„X Factor” pokazał wyraźnie, że w programach typu talent-show bardziej liczy się show niż talent.
Kiedy gasną światła
Daleko zaszło natomiast wielu zwycięzców „Szansy na sukces”. Przypomnijmy, że jej laureatkami były m.in. Justyna Steczkowska, Kasia Cerekwicka, Viola Brzezińska czy Anna Józefina Lubieniecka (obecnie Varius Manx). Każdą z nich można dziś śmiało nazwać sceniczną osobowością i tym razem nie będzie to słowne nadużycie. Ktoś powie, że „Szansa” to program z 18-letnią tradycją, więc siłą rzeczy musiało się przez nią przewinąć o wiele więcej ciekawych zjawisk. To prawda, ale karierę zrobiło także wielu spośród tych, którzy wygrali nie finał, a poszczególne odcinki programu: Ewa Farna, Andrzej Lampert, Anna Wyszkoni czy Dominika Gawęda z Blue Café.

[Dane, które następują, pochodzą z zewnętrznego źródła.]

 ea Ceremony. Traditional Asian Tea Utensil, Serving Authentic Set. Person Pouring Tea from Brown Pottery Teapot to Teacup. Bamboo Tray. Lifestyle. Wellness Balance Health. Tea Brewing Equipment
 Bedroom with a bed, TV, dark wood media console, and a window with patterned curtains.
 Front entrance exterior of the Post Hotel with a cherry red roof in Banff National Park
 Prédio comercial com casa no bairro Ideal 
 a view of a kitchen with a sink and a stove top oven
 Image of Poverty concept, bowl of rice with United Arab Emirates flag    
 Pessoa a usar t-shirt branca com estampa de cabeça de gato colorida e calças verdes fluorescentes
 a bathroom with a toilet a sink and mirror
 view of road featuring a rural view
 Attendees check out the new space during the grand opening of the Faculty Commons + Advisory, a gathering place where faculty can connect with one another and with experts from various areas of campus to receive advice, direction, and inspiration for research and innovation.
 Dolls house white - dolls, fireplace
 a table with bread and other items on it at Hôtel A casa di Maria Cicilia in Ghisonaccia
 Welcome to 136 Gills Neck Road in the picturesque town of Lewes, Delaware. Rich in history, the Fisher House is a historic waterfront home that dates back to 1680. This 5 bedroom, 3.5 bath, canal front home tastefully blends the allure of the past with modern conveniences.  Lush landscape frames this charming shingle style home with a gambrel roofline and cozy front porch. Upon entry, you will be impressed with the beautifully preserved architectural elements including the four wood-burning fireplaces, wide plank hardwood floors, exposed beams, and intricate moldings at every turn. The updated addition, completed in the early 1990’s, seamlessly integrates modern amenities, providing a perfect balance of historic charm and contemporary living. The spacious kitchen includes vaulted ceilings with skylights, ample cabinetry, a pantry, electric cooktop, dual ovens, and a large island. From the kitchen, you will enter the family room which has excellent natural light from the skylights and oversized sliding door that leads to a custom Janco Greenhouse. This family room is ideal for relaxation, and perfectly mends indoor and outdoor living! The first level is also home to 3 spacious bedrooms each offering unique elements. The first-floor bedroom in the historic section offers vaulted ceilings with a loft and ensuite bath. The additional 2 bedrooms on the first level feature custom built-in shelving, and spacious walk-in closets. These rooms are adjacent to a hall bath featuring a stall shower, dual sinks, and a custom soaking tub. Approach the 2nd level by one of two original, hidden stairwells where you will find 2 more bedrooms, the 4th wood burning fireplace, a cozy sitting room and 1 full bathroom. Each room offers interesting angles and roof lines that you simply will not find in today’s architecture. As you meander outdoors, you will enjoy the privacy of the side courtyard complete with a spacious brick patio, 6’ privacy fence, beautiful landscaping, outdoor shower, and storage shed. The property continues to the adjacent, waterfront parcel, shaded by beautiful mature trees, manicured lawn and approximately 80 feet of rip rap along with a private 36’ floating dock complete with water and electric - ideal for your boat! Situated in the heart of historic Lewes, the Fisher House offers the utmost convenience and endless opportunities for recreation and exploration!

Niemal w każdym wydaniu „Szansy” znajduje się ktoś, kto śpiewa lepiej od Michała Szpaka. Może to dlatego, że autorom programu zależy przede wszystkim na muzyce. I to muzycy, a nie celebryci, są w nim jurorami.
– W talent-show chodzi o wypromowanie produktu – twierdzi Andrzej Lampert. – Dlatego musi być kolorowo i bogato. Z moich informacji wynika, że zwycięzca nie ma większego wpływu na to, co będzie robił przez najbliższe lata. W „Szansie” jest inaczej. Jej twórczyni Elżbieta Skrętkowska nie jest menedżerem, który czeka na zwycięzcę z kontraktem. Wszystko dzieje się bardziej normalnie, spokojnie. Myślę, że to jedyny program tego typu, który pozwala młodemu człowiekowi nie zwariować. Jest pomostem między wykonawcą a słuchaczem. Ale widzę, że telewizja publiczna też zaczyna szukać większych emocji. Taką próbą dobicia do konkurencji jest jej ostatni show „Bitwa na głosy”.
W całym tym medialnym zamieszaniu, które rodzi się wokół laureatów talent-show, oni sami wydają się najmniej ważni. Mało kto troszczy się o to, co dzieje się z oklaskiwanymi bohaterami, kiedy gasną światła. Może warto pomyśleć o tym, by jedną z nagród dla zwycięzców były np. profesjonalne warsztaty wokalne czy instrumentalne? Z pewnością dałyby im więcej niż kilkutygodniowa sława.